(Beginning of AVAILABLE DATA)
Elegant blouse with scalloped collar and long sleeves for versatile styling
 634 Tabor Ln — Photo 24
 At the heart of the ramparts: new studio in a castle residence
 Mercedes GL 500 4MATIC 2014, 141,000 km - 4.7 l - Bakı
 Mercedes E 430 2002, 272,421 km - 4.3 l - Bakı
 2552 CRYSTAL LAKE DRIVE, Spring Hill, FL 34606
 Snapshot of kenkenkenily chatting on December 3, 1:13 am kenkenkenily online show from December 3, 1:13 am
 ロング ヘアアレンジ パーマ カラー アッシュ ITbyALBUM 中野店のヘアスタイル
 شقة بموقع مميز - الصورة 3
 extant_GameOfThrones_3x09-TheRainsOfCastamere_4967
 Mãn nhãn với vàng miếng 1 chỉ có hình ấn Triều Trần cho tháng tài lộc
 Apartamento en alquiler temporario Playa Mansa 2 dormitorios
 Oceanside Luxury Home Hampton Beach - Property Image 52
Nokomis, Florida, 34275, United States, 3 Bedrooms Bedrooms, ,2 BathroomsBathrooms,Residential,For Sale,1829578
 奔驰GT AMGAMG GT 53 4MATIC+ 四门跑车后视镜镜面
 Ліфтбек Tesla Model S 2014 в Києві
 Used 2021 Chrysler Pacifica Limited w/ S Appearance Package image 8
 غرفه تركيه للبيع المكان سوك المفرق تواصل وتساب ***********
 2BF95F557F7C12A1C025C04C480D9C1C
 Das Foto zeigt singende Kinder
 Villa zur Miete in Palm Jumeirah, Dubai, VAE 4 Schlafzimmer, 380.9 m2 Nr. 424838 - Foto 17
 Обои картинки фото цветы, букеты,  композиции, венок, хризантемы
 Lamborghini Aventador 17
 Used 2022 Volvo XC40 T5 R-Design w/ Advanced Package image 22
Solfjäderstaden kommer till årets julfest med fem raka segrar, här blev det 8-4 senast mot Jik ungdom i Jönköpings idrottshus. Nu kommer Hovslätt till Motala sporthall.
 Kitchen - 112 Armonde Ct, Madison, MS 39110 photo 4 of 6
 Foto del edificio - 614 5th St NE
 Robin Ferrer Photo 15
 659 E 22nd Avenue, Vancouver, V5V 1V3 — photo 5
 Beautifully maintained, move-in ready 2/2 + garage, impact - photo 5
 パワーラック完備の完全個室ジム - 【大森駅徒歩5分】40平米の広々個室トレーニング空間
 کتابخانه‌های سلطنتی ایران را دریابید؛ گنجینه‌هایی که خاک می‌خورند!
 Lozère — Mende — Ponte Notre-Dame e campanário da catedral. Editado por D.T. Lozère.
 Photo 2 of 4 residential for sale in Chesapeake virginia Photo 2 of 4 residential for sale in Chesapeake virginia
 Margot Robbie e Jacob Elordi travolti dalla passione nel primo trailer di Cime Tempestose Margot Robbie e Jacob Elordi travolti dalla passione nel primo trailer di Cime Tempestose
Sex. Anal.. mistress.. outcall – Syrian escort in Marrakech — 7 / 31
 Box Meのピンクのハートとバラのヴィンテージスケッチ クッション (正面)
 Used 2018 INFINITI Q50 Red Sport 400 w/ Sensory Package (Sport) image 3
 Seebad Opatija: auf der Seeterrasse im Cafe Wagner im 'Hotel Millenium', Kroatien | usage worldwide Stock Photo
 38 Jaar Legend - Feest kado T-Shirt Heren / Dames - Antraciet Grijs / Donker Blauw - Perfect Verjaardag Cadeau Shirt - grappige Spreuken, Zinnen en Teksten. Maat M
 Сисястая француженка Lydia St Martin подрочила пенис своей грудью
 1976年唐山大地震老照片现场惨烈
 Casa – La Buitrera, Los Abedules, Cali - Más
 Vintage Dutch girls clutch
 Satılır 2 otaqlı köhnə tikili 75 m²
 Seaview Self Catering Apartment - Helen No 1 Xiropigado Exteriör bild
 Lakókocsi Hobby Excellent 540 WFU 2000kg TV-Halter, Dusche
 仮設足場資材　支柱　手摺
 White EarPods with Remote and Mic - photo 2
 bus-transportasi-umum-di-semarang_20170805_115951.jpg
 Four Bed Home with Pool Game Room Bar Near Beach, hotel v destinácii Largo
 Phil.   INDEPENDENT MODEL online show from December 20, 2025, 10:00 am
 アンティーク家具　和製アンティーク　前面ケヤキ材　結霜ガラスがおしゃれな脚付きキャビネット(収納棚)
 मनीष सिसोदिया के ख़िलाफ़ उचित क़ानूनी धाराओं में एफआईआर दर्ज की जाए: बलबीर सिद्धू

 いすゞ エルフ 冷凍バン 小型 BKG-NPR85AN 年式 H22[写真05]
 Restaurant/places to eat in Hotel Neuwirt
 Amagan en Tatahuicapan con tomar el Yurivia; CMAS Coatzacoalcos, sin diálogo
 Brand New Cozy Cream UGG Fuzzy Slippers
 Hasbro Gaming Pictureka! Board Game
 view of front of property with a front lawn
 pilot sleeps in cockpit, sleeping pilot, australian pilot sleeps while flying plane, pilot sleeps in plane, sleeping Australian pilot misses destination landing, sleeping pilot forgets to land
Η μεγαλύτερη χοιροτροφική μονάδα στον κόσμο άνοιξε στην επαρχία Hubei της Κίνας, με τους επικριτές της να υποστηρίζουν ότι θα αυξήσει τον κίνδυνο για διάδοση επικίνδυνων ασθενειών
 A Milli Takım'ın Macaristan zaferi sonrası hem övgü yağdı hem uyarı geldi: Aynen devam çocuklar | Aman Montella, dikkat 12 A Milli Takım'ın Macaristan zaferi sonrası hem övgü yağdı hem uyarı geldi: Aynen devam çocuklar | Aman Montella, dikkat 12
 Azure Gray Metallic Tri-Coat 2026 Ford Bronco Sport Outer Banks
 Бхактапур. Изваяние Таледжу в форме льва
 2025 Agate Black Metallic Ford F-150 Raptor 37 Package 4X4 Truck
(End of AVAILABLE DATA)
REQUIRED ACTION –
Quote the data above from the line containing "Foto del edificio - 614 5th St NE" to the line containing "Satılır 2 otaqlı köhnə tikili 75 m²", inclusive, and stop.

TASK RESPONSE –
 Foto del edificio - 614 5th St NE
 Robin Ferrer Photo 15
 659 E 22nd Avenue, Vancouver, V5V 1V3 — photo 5
 Beautifully maintained, move-in ready 2/2 + garage, impact - photo 5
 パワーラック完備の完全個室ジム - 【大森駅徒歩5分】40平米の広々個室トレーニング空間
 کتابخانه‌های سلطنتی ایران را دریابید؛ گنجینه‌هایی که خاک می‌خورند!
 Lozère — Mende — Ponte Notre-Dame e campanário da catedral. Editado por D.T. Lozère.
 Photo 2 of 4 residential for sale in Chesapeake virginia Photo 2 of 4 residential for sale in Chesapeake virginia
 Margot Robbie e Jacob Elordi travolti dalla passione nel primo trailer di Cime Tempestose Margot Robbie e Jacob Elordi travolti dalla passione nel primo trailer di Cime Tempestose
Sex. Anal.. mistress.. outcall – Syrian escort in Marrakech — 7 / 31
 Box Meのピンクのハートとバラのヴィンテージスケッチ クッション (正面)
 Used 2018 INFINITI Q50 Red Sport 400 w/ Sensory Package (Sport) image 3
 Seebad Opatija: auf der Seeterrasse im Cafe Wagner im 'Hotel Millenium', Kroatien | usage worldwide Stock Photo
 38 Jaar Legend - Feest kado T-Shirt Heren / Dames - Antraciet Grijs / Donker Blauw - Perfect Verjaardag Cadeau Shirt - grappige Spreuken, Zinnen en Teksten. Maat M
 Сисястая француженка Lydia St Martin подрочила пенис своей грудью
 1976年唐山大地震老照片现场惨烈
 Casa – La Buitrera, Los Abedules, Cali - Más
 Vintage Dutch girls clutch
 Satılır 2 otaqlı köhnə tikili 75 m²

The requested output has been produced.